* **Problem**: Output, exactly as written, the lines below from the one that has "The function you" through the one that has "Hello everyone, this"; nothing else, and no pictures.

===== Supplied entries

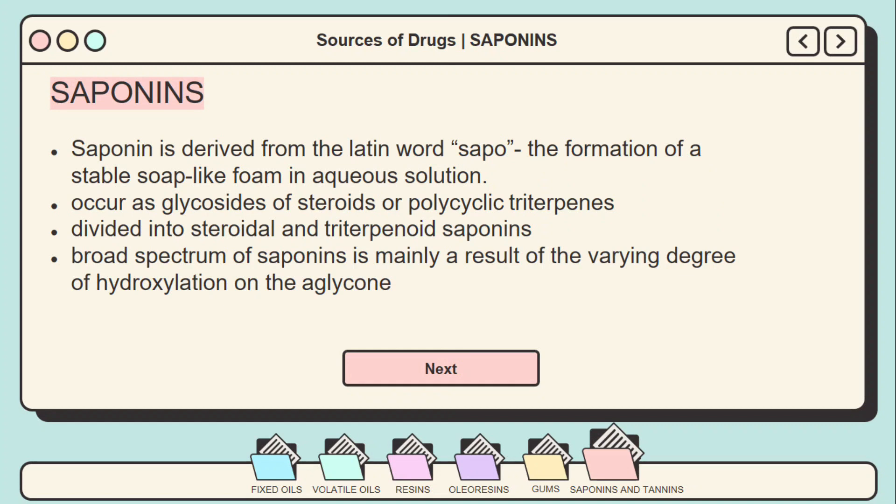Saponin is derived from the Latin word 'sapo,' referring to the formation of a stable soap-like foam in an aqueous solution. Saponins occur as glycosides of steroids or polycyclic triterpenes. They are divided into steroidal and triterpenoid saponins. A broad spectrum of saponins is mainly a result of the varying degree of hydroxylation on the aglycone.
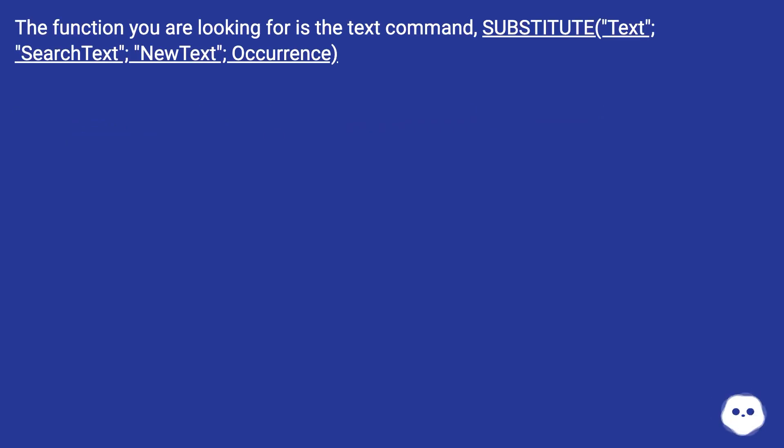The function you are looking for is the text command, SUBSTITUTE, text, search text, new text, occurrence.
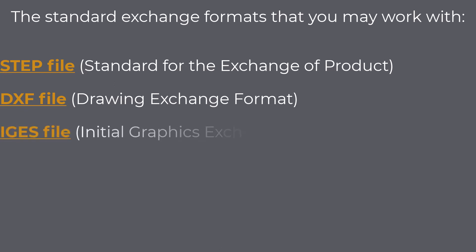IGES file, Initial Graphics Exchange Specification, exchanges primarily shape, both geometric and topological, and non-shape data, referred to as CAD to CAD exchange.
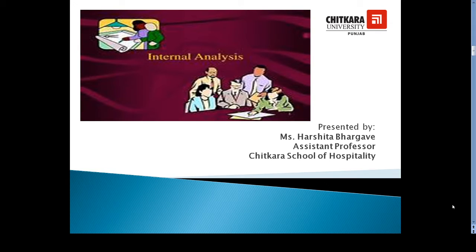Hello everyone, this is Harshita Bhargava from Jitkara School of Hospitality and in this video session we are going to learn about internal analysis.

==========
===== Supplied entries

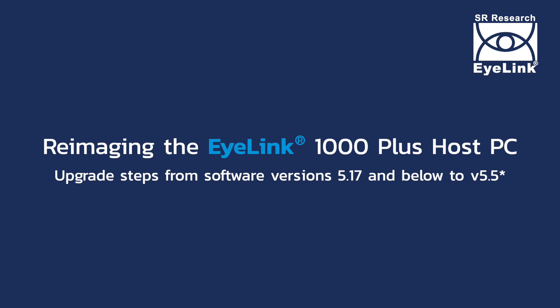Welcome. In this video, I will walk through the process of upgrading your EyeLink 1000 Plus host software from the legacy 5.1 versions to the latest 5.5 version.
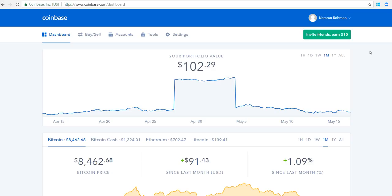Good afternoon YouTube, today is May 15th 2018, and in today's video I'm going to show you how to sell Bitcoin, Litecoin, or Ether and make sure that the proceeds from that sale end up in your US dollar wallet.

==========

* **Reply to the exercise**:
The function you are looking for is the text command, SUBSTITUTE, text, search text, new text, occurrence.
IGES file, Initial Graphics Exchange Specification, exchanges primarily shape, both geometric and topological, and non-shape data, referred to as CAD to CAD exchange.
Hello everyone, this is Harshita Bhargava from Jitkara School of Hospitality and in this video session we are going to learn about internal analysis.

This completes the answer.